While carefully calculating important factors such as fatigue, the
organizers of the demonstrations did not have illusions in one day
demonstrations. The article explains that "The organizers disseminated a
weekly schedule, with the biggest protests set for Tuesday and Friday, to
conserve their energy."

Although it does not appear to have been the plan, the 18 days of
demonstrations in Egypt were connected with a constant stepping up of the
struggle. This fact played a very big role. Like an army in battle,
revolutions need to be on the move. Stagnation or standstill can lead to
disorientation and in the end loss of vital morale. Therefore, besides
having a clear and concrete revolutionary program it is important constantly
to have a plan for stepping up the struggle and drawing in new layers of
society.

In the end what was crucial and gave the final push in both Tunisia and
Egypt was the drawing in of the working class as an organized force with
strike action. This is an important lesson for Iranian revolutionaries that
must use the momentum and impulse of demonstrations to prepare and organize
a general strike.
The need for a leadership

The Egyptian revolution has many lessons for serious revolutionaries, in
this article we have chosen only to cover a small part of all this. The
activists who ignited the movement in Egypt did indeed have some excellent
ideas and methods. Especially their methods helped overcome a major problem
that we face in Iran on how to gather a core of thousands before a
crackdown. But at the same time the group had some shortcomings.

Firstly, one weakness of the activists was the lack of a clear programme
linking democratic and social demands in order to draw in all layers of
society and to work against the propaganda of the regime who, at times with
some luck, portrayed the movement as a group of people only trying to make
chaos with no particular aim.

Secondly, and most importantly, the group did not manage to give the
movement an organized expression. In order to enforce the excellent
preparations that they had made, to widen and strengthen the scope of the
movement and to make it more representative, they should have worked towards
setting up organizing committees in all neighbourhoods and factories and
link them up on a local and national basis. This would allow for a much
greater mass of people to participate in the movement and give it a far less
chaotic character.
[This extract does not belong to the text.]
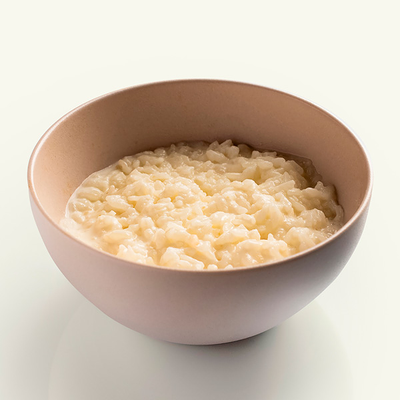 Каша рисовая на кокосовом молоке в Вкусномаркет по цене 169 ₽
At the same time such an organization would allow the
masses to develop a leadership and give it a concrete representative force.
It is a virtual fact that, had such a force been present in Egypt it could
have overthrown Mubarak and taken power, based on the support of the
majority of the people, on several occasions since the beginning of the
movement.

Instead the movement was faced with at least one occasion in the evening of
Sunday the 6th February where disorientation and loss of morale seemed to be
spreading through some layers of the masses, creating a dangerous situation
where reaction could have made a bloody comeback. The revolution, however,
was saved many times by the heroic acts of especially the hardest core of
the movement who lost many martyrs to defend it. Also finally, although the
masses had power in their hands, they did not know what to do with it and it
thus slipped through their fingers and into the hands of the army.
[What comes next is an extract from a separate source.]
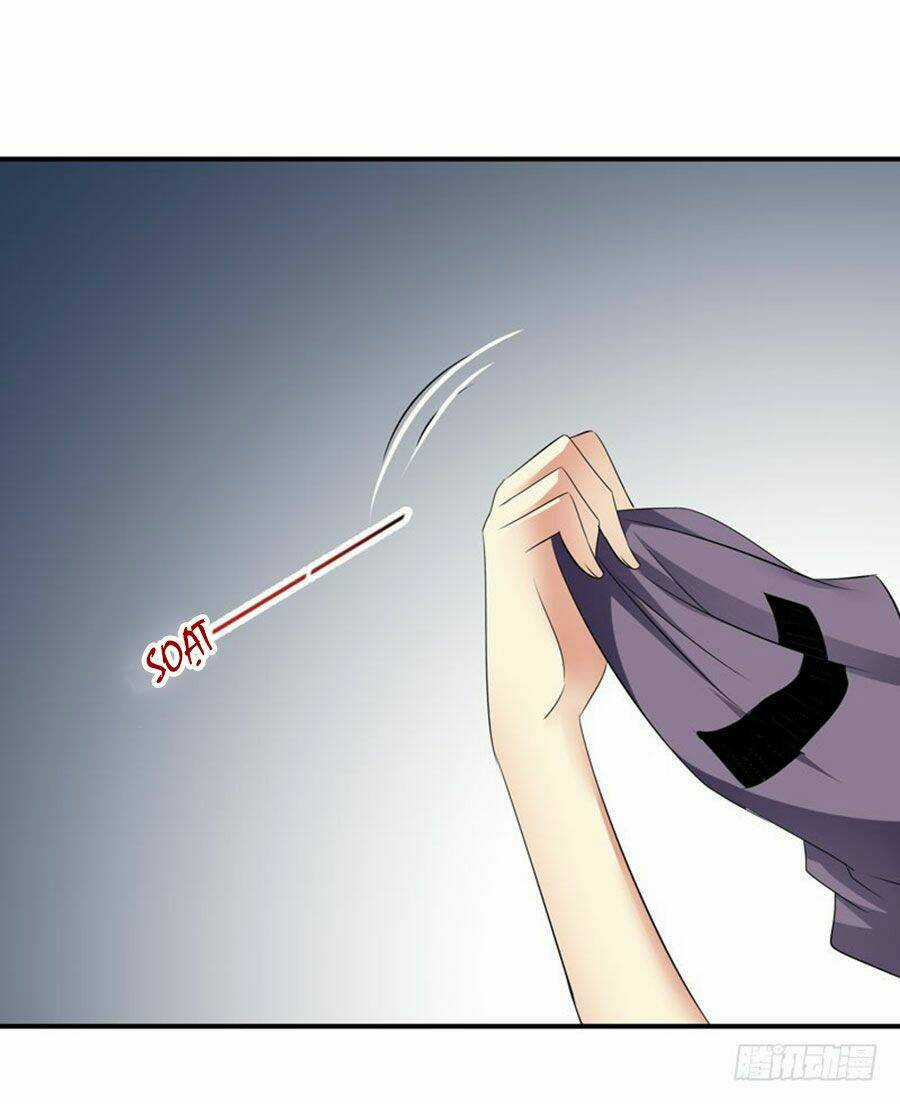 Thủ Hội Chi Vũ - Chapter 27 - Trang 15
The main problem of the Egyptian, Tunisian and Iranian revolutions are, and
have been and will continue to be, the lack of a revolutionary party and
leadership that has studied past struggles and drawn the necessary
conclusions. This fact gives the revolutionary processes a more chaotic and
protracted character and at the same time will require more sacrifices from
the masses. But it is not our task to laugh or weep over this fact, but
merely understand that it is our historic task to build and temper this
leadership amidst the raging flames of the revolution. It is not an easy
task, but it has never been easier. History is on our side, the forces of
reaction are historically weak and the masses are rising for struggle. We
have full trust in the youth and the workers and their ability to take their
destiny in their own hands. Forward until victory!